Rachel shook her head firmly. “Nope, don’t even bother. I rented a couple movies last night and if you don’t stay I’ll have to watch them by myself.” She raised her eyebrows and smiled a little crookedly. It was the same smile she’d given Juliet when they were kids, whenever she’d had some crazy idea for how to while away a summer afternoon, or when they were in high school and Juliet had been stood up by her prom date, or when Juliet had gone to college and announced to their parents’ horror -- to their father’s horror -- that she had no interest in the family business, that she wanted to be a fertility researcher and help women start families. Rachel always made things seem like they weren’t so bad with that smile, and Juliet always believed it.

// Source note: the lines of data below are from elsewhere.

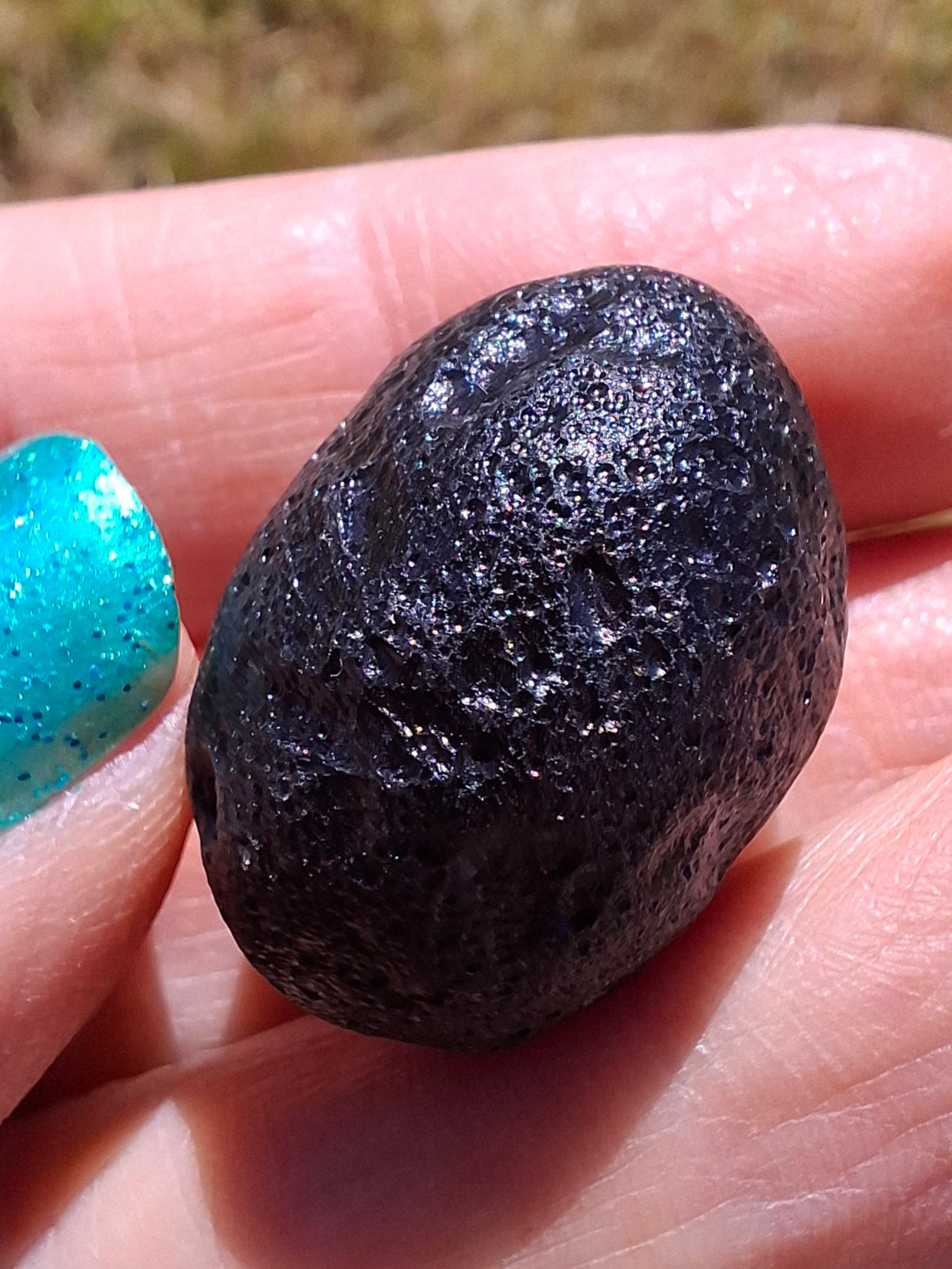 Philippinite (Rizalite), 11.42g, Tektite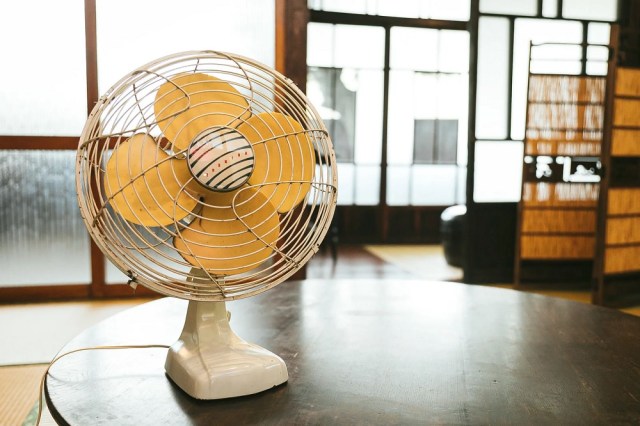 Too hot during the blackout? Cool down with an electric fan, veteran newscaster suggests
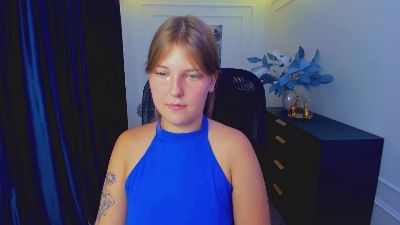 SaraMayere live from United States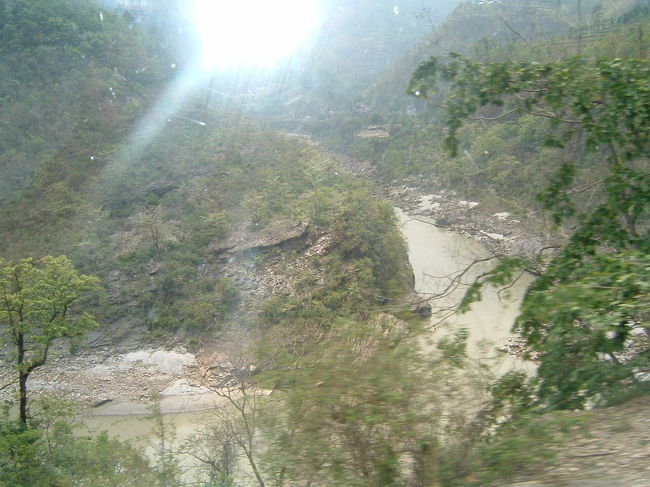 さあさ、ルンビニに向けてすっぱーつ！<br />山あり谷、川、天空の町・・・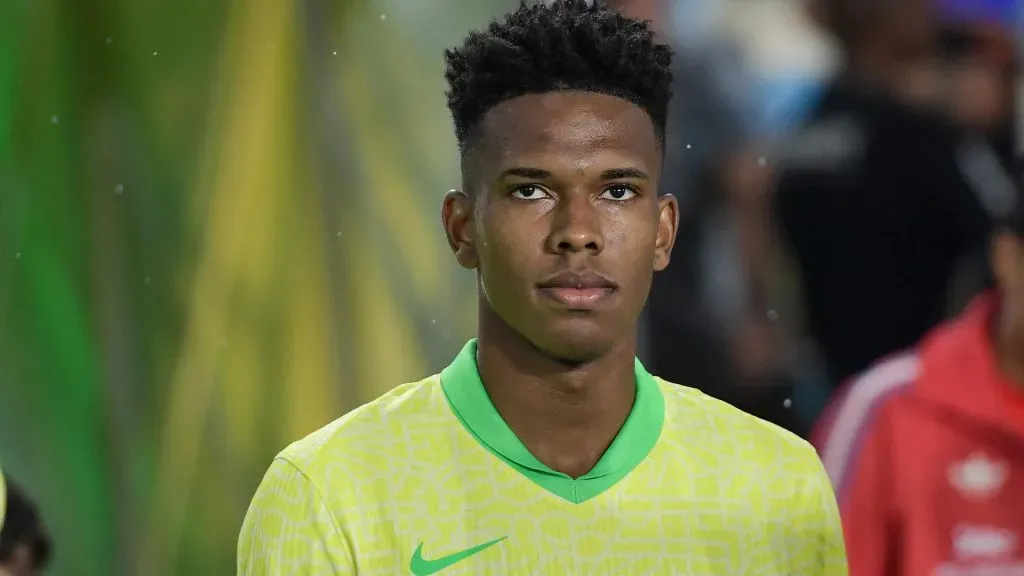 Estêvão é uma das principais esperanças da Seleção Brasileira – Foto: Thiago Ribeiro/AGIF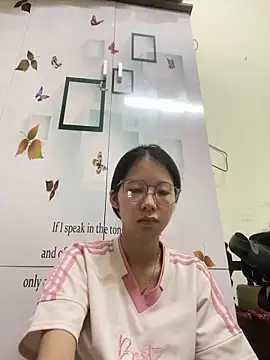 Snapshot of meomeo2k6 chatting on October 30, 1:56 pm meomeo2k6 online show from October 30, 1:56 pm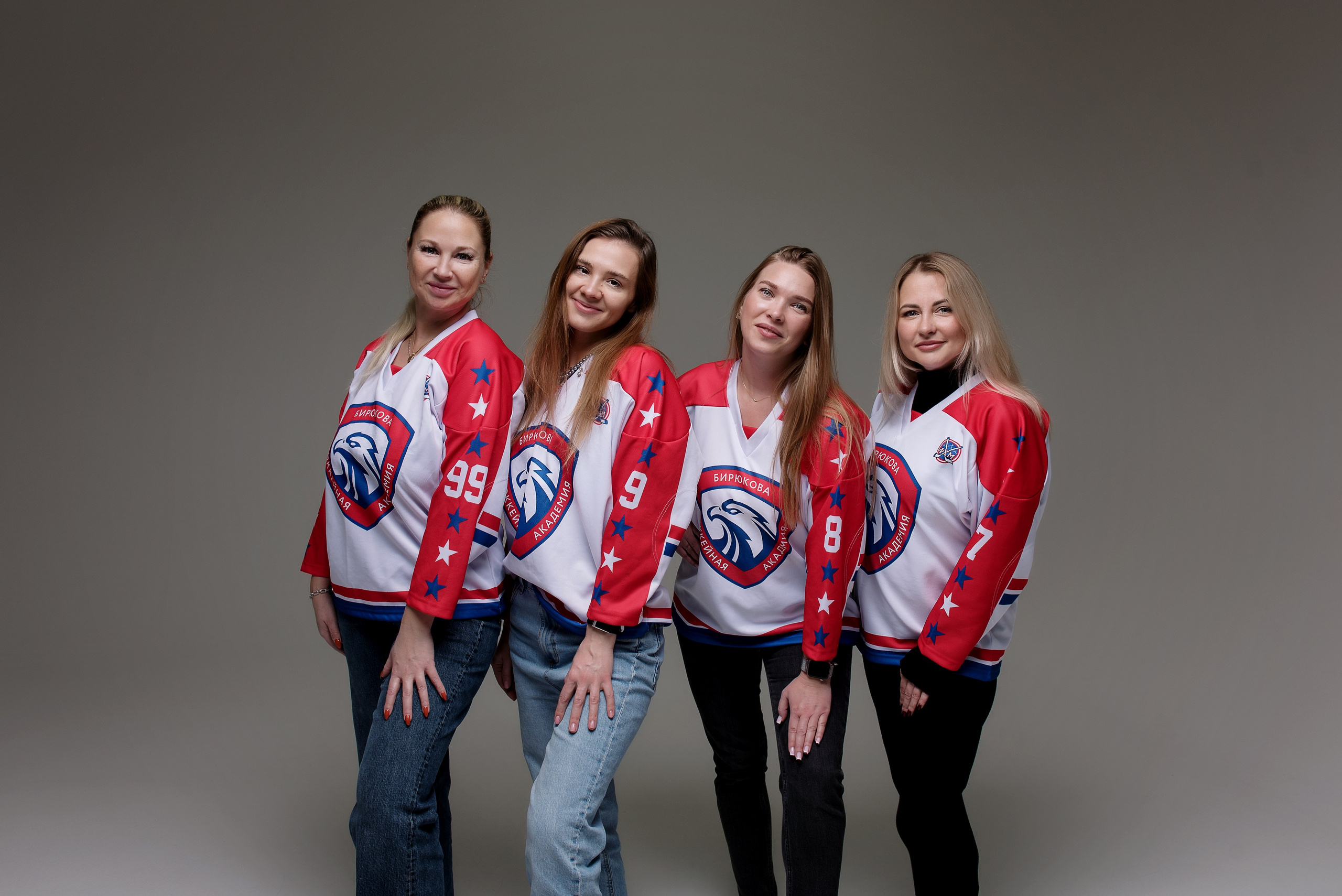 Хоккей — Гимнастика групповая съемка. Детский фотограф в Долгопрудном и Москве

She managed a small, watery laugh. “Okay, you’re right. I wouldn’t want to leave you in the lurch with those movies.”
In response, Rachel turned to her sister and hugged her tightly. Juliet clung to her gratefully, her heart swelling painfully. The gaping hole left by Edmund’s abandonment hurt. Hurt horribly. But right then, right at that moment, her sister’s love made it seem like it would all be fine. It felt as though it was damming the torrent of sorrow flooding through her. “Thank you so much, Rachel,” she whispered, burying her head in Rachel’s shoulder.
Rachel rested her cheek on Juliet’s head. “Hey, what are sisters for?”